Even at rest neuronal activity levels persist for each single neuron in form of spontaneous discharges of neurotransmitters, the currency of nerve cell communication, summing up to an overall brain-specific and thus individual noise level. This noise level is time-dependent - increasing age very likely leads to noise level changes. As a consequence the strength of brain activity results from the composition of the signal-to-noise ratios of various neuronal populations and from the speed of this composition.

Although we know that individual brain activity patterns reflect specific object definitions, we are far from understanding (1) the neuronal algorithm underneath each of these object definitions or else the composition of neuronal microcircuits and (2) how first order object definitions are neuronally linked to a second order context such as experience (historical neuronal changes) and emotions (present perception-based neuronal changes) resulting in individual views of the outer world.
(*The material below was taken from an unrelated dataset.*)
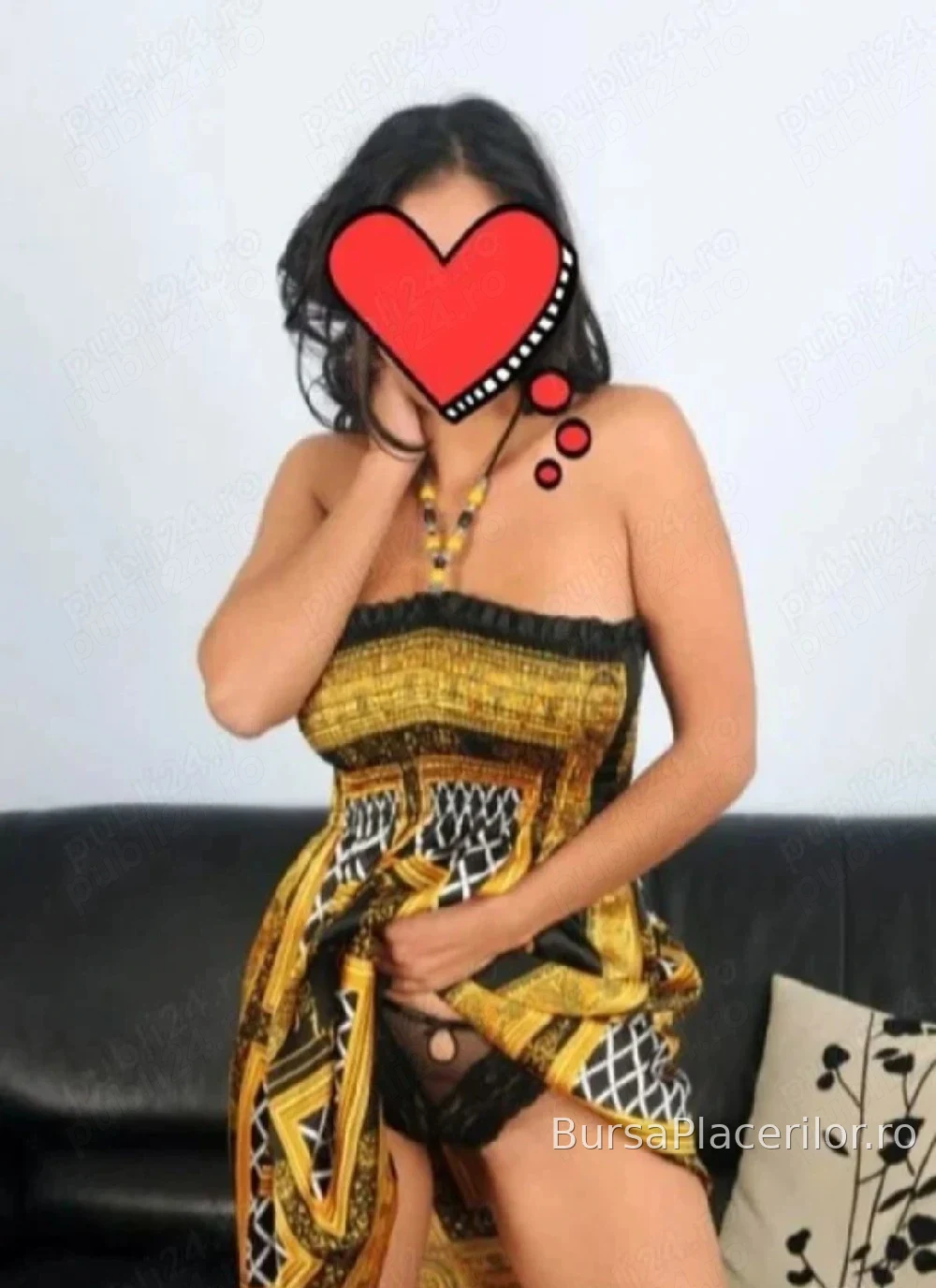 matura  new - 0735070165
Damages to or deterioration of neuronal populations affect the signal-to-noise ratios and therefore the overall brain activity related to incoming external stimuli (vision, sensation, taste, smell, hearing). This we call mental disorders.

In order to visualize brain activity invasive and non-invasive techniques are used on in vivo and in vitro test systems: electroencephalography (EEG), functional magnetic resonance imaging (fMRI), transcranial magnetic stimulation (TMS), optical imaging, electrophysiology, computational modelling.